著作権の譲渡要求は、特に大手企業や地方自治体・官公庁からのデザイン依頼でよく見られます。依頼書や契約書の類に記載されていることが一般的です。ただ、著作権を渡すということは、そう簡単なことではなく、問題をはらんでいることもあります。
著作権譲渡ができるケースは限定的
まるっと著作権を譲渡できる条件は限られています。例えば、デザインにAdobe Stockなどの商用素材を使っている場合、その素材には第三者(その素材を作った人)の著作権が含まれています。当然、これらの権利を勝手に譲渡することはできません。
つまり、クライアントの要望に従うためには、全て完全オリジナルのデザインをする必要があります。もし商用素材を使用しながら著作権譲渡に同意している場合は、注意が必要です。
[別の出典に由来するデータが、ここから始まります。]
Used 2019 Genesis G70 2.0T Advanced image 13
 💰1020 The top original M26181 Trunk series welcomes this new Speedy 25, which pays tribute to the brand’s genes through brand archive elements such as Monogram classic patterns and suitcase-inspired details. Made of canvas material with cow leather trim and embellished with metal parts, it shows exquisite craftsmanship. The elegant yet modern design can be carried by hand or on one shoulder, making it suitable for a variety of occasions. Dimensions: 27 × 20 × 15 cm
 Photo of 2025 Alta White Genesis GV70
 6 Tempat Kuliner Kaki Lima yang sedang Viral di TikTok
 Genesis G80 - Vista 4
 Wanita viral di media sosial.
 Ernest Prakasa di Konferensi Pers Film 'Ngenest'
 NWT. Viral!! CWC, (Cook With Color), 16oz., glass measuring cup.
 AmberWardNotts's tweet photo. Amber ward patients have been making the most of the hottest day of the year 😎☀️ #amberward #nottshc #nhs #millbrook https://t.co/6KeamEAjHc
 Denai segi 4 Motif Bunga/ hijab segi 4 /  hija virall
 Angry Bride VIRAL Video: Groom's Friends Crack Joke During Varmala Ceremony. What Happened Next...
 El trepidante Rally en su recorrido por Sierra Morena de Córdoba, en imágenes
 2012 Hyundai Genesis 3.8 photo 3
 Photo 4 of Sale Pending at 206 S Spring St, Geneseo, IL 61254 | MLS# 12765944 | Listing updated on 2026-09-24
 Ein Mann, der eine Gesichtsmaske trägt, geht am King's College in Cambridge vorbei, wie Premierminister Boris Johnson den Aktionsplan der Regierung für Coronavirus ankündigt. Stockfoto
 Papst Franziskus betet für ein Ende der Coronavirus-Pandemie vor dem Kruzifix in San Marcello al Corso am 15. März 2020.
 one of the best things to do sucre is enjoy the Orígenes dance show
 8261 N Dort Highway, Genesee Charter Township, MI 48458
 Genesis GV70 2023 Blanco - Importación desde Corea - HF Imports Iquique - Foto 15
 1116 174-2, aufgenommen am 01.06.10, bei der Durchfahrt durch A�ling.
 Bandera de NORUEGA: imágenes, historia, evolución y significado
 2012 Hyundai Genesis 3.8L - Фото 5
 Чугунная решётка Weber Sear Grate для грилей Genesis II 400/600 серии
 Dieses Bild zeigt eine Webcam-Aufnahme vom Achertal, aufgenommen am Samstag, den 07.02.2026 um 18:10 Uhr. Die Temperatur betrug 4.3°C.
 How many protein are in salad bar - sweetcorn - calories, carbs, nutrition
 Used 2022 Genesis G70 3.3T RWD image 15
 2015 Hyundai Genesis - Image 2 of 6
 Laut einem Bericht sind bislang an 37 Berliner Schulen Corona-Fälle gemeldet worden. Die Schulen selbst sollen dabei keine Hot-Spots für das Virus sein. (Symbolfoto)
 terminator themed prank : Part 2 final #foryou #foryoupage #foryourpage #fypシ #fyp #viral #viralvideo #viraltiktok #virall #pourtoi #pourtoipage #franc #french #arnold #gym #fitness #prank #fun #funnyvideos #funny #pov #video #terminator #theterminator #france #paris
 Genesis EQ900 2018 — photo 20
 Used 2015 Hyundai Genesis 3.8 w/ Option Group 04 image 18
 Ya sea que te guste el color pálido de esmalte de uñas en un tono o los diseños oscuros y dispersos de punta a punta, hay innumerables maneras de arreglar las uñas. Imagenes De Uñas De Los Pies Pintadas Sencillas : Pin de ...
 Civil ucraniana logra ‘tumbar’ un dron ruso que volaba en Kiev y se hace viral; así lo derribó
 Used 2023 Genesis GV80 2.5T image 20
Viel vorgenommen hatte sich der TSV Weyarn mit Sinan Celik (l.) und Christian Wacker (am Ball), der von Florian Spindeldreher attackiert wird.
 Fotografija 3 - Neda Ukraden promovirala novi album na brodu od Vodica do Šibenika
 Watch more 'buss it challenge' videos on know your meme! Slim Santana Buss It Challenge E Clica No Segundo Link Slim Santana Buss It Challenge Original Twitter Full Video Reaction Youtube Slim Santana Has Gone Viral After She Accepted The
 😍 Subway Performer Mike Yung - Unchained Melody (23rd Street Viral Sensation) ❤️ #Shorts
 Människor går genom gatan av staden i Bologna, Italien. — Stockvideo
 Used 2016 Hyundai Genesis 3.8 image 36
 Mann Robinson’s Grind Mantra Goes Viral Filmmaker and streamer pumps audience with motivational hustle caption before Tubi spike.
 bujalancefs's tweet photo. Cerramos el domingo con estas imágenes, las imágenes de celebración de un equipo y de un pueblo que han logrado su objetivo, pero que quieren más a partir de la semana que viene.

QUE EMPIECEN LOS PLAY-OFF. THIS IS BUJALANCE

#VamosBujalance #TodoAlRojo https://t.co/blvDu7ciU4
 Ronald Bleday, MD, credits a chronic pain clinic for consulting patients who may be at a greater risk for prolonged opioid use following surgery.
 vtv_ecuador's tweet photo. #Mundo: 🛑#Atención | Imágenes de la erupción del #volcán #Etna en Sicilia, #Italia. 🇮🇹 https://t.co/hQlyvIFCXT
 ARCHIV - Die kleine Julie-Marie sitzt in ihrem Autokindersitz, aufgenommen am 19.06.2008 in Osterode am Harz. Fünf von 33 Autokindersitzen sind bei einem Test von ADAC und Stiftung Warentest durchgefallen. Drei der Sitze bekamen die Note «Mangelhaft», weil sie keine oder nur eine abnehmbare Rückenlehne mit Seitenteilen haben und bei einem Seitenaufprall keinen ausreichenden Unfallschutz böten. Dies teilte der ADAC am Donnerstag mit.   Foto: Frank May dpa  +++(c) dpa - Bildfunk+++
トラブルの原因になりかねません。
そもそもの著作権譲渡の必要性を考える
そもそも、著作権の譲渡は本当に必要なのでしょうか?多くの場合、クライアントは納品されたデザインを二次利用したいと考えていますが、そのために著作権を全て放棄する必要は実はありません。二次利用や改変に関して許可を出す覚書や契約を交わすだけで十分な場合もあります。「著作権を譲る」は、言ってみれば大げさな選択です。
著作権喪失の重み
著作権を失うということは、「自分が作った作品との繋がりを失う」ことを意味します。私たちデザイナーにとってかなり大きな決断ではないでしょうか。ただ前述の通り、大抵の場合、著作権を譲渡する代わりに他の方法でクライアントの要望を満たすことが可能です。無理をしてまで著作権を譲る必要がないケースは多いと思います。
著作権譲渡というテーマは、自分の作品との関係をどう扱うかと直結します。著作権譲渡の代わりにできる選択肢を考えることで、デザイナーとしての立場とクライアントのニーズのバランスを取ることが大切ではないでしょうか。